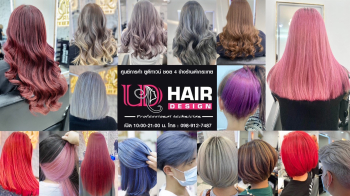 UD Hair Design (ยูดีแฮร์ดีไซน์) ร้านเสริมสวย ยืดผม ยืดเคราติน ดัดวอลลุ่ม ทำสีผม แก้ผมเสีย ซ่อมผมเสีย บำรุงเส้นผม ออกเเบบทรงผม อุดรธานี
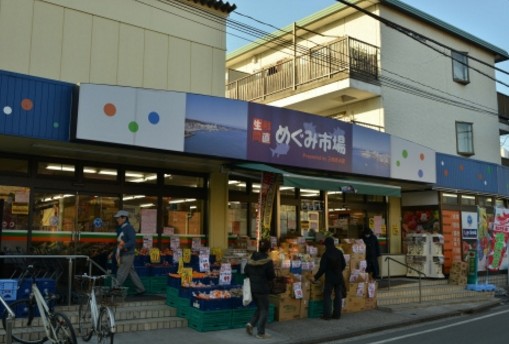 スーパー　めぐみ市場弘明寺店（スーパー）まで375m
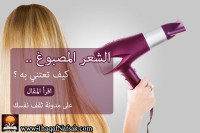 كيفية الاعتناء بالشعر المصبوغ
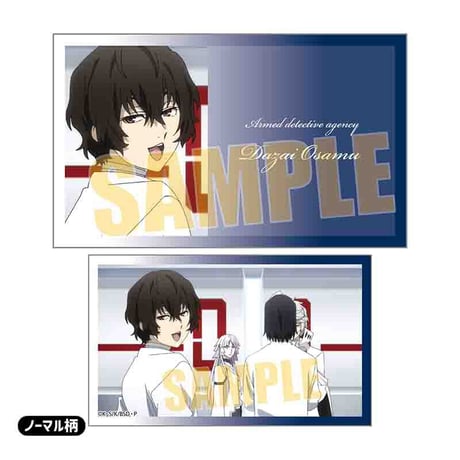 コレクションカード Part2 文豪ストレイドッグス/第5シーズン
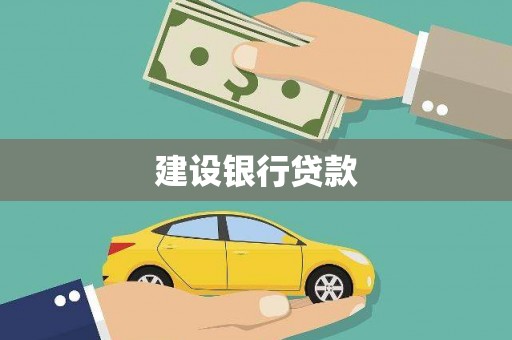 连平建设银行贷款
...
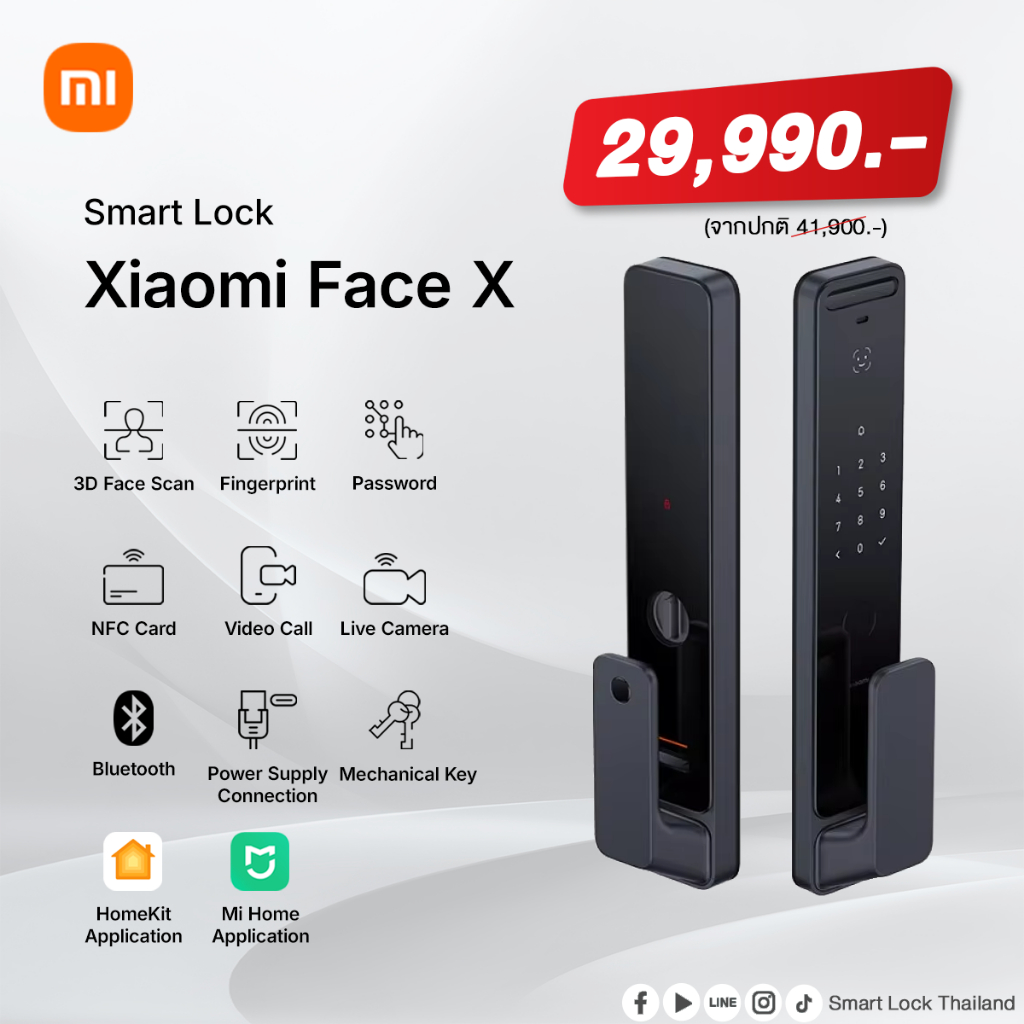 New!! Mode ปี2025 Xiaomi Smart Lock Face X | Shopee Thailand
---
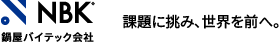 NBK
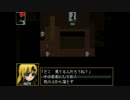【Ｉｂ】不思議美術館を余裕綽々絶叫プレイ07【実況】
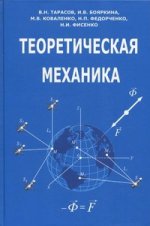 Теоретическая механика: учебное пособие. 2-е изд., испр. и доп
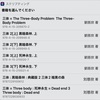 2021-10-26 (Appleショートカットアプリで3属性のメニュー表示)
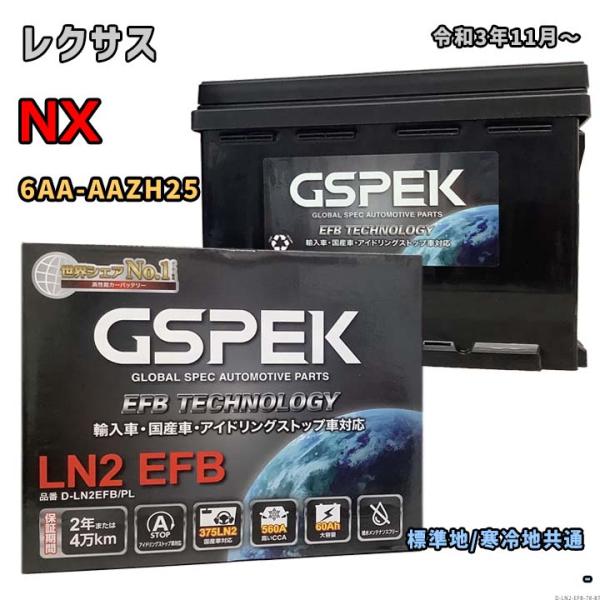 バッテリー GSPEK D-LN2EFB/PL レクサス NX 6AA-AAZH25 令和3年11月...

* [Your goal]: Once the line with "Теоретическая механика: учебное" has been found above, output that line and every later line exactly, stopping after the line with "バッテリー GSPEK D-LN2EFB/PL", and omit the pictures.

* [Written response]:
 Теоретическая механика: учебное пособие. 2-е изд., испр. и доп
 2021-10-26 (Appleショートカットアプリで3属性のメニュー表示)
 バッテリー GSPEK D-LN2EFB/PL レクサス NX 6AA-AAZH25 令和3年11月...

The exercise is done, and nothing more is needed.